The challenge is that there will sometimes (or often, depending on the setup) be a disconnect between something that looks believable enough on-screen, in a meeting, and something that’s ready to carry forward into development and production. And if the use of generative AI is confined to experimentation and ideation then this doesn’t pose an issue; but if the same systems are being adopted with the view that they can replace existing solutions and workflows that extend deeper into the product journey, then this is where the issues will arise.

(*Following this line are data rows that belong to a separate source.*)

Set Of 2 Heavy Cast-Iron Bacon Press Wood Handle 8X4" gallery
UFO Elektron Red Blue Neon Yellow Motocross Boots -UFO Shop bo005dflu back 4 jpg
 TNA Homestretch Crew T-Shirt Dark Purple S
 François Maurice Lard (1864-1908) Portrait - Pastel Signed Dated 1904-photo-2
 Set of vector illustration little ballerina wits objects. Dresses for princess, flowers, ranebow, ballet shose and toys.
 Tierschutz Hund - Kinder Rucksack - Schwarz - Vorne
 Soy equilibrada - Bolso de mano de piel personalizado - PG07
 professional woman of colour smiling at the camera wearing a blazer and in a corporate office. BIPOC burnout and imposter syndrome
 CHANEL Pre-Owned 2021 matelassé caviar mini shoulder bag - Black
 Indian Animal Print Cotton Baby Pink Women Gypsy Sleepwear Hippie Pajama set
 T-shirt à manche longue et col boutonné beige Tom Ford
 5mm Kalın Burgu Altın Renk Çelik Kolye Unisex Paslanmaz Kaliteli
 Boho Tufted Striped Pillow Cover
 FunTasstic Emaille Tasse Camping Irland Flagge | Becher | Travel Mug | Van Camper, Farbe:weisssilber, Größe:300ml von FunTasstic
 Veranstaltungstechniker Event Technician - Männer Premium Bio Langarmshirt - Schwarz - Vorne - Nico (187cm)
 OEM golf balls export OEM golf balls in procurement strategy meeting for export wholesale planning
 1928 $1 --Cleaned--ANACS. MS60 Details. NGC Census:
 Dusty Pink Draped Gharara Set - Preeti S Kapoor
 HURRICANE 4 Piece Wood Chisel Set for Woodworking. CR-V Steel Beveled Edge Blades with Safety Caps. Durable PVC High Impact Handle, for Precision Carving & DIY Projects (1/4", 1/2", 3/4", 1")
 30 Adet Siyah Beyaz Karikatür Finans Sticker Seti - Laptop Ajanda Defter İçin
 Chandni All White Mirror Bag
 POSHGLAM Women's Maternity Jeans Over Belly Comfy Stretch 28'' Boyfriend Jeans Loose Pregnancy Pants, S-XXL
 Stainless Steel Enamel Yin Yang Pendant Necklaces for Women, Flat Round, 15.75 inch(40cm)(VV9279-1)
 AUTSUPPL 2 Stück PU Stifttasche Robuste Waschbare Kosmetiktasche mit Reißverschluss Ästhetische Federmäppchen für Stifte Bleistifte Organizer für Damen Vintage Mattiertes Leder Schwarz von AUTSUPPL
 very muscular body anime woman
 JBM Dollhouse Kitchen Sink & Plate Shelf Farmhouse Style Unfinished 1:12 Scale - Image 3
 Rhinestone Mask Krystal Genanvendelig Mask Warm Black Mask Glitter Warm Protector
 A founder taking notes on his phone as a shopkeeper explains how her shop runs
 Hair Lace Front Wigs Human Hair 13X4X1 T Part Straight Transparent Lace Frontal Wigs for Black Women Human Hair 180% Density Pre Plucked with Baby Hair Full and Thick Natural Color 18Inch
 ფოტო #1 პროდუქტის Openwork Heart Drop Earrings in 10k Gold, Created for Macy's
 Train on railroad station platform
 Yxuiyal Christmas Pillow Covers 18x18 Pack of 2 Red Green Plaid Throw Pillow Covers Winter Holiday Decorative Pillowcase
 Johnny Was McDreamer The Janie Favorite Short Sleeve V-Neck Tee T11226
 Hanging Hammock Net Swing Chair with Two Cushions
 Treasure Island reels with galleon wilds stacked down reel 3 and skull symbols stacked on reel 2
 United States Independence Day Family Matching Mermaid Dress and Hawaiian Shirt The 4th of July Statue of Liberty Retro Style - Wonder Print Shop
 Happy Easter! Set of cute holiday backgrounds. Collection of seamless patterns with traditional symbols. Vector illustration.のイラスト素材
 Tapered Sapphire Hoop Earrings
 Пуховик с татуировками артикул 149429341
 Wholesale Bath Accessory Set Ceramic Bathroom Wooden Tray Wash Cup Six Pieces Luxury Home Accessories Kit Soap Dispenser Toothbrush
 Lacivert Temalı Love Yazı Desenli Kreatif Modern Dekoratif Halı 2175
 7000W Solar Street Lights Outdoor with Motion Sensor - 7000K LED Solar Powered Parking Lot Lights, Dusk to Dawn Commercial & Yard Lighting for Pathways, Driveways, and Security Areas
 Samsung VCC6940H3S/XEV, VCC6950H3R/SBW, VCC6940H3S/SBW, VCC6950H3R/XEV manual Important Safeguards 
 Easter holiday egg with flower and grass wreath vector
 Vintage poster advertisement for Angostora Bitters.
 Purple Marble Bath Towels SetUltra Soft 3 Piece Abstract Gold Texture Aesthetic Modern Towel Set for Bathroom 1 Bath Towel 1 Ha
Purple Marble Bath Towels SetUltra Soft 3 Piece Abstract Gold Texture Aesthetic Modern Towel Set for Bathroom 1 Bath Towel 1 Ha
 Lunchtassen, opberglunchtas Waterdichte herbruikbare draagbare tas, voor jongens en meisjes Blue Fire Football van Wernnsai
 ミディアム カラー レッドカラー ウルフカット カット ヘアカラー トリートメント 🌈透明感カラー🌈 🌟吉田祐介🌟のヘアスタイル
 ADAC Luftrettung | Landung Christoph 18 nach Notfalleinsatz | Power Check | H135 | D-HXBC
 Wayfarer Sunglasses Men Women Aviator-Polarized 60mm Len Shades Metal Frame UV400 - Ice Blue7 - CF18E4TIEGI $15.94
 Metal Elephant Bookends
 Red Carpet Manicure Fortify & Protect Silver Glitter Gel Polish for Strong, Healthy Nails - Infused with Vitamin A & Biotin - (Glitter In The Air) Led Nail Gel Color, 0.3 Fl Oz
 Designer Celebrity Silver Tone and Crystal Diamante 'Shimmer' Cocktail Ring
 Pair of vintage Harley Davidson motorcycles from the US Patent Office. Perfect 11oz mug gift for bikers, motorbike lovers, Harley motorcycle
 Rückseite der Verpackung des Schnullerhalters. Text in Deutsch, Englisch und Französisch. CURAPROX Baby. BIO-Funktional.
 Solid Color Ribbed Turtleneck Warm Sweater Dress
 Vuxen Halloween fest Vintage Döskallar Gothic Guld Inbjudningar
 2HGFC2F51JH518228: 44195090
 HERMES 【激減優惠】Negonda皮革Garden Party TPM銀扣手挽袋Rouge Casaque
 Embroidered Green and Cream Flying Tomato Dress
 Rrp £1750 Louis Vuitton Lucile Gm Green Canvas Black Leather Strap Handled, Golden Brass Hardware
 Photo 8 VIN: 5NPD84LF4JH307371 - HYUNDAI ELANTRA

This is why the World Trade Organisation’s emphasis on developing economies rings so true. Much of the industry’s hands-on expertise and specialist patternmaking, sizing, and construction knowledge sits in supplier bases in Europe, Africa, and Asia. Contrasted against the objectives set for the actors that make up that supplier landscape, the use of AI inside brand headquarters has tended to circle a much narrower set of goals: speed and cost. Quicker sketches that don’t tie up design time, campaigns that can be turned around leaner, copy that doesn’t need another freelancer commissioned. Each case makes sense on its own. But the risk isn’t only that more is being made, faster. It’s that what’s made looks finished enough to move along, further up the chain, until someone who works for a partner spots the fundamental issues with a brief or tech pack.
Yet, the upstream AI picture isn’t all cautionary. There are examples where AI doesn’t compete with skill so much as compound it. Systems that catch defects before they spread down a line. Grading tools that turn days of work into hours. Yield models that shave waste while trimming costs. None of these feel especially futuristic, they’re ordinary, almost boring, which is what makes them work. They don’t ask anyone to rethink the process, they just sit inside it, amplifying the judgement that’s already there.
We’ve said this before in different ways, and it’s worth repeating: prompts are cheap, but the taste and judgment required to make physical sense of them is not, or at least shouldn’t be when we consider just how much value it adds to the typical product journey. Big AI labs like to talk about productivity and efficiency, but it’s vital to remember that those don’t come from the flood of ideas, drafts or images on their own. Productivity benefits are realised when those outputs meet the skills that can carry them through to reality.
For The World Trade Organisation’s projections to hold, the issue isn’t whether AI can generate more ideas, more options, or more open-ended possibilities. The real test is whether fashion will avoid the pitfall of leaping into AI’s accelerating effect on output, without investing in a commensurate way in the people who can determine how useful that output really is.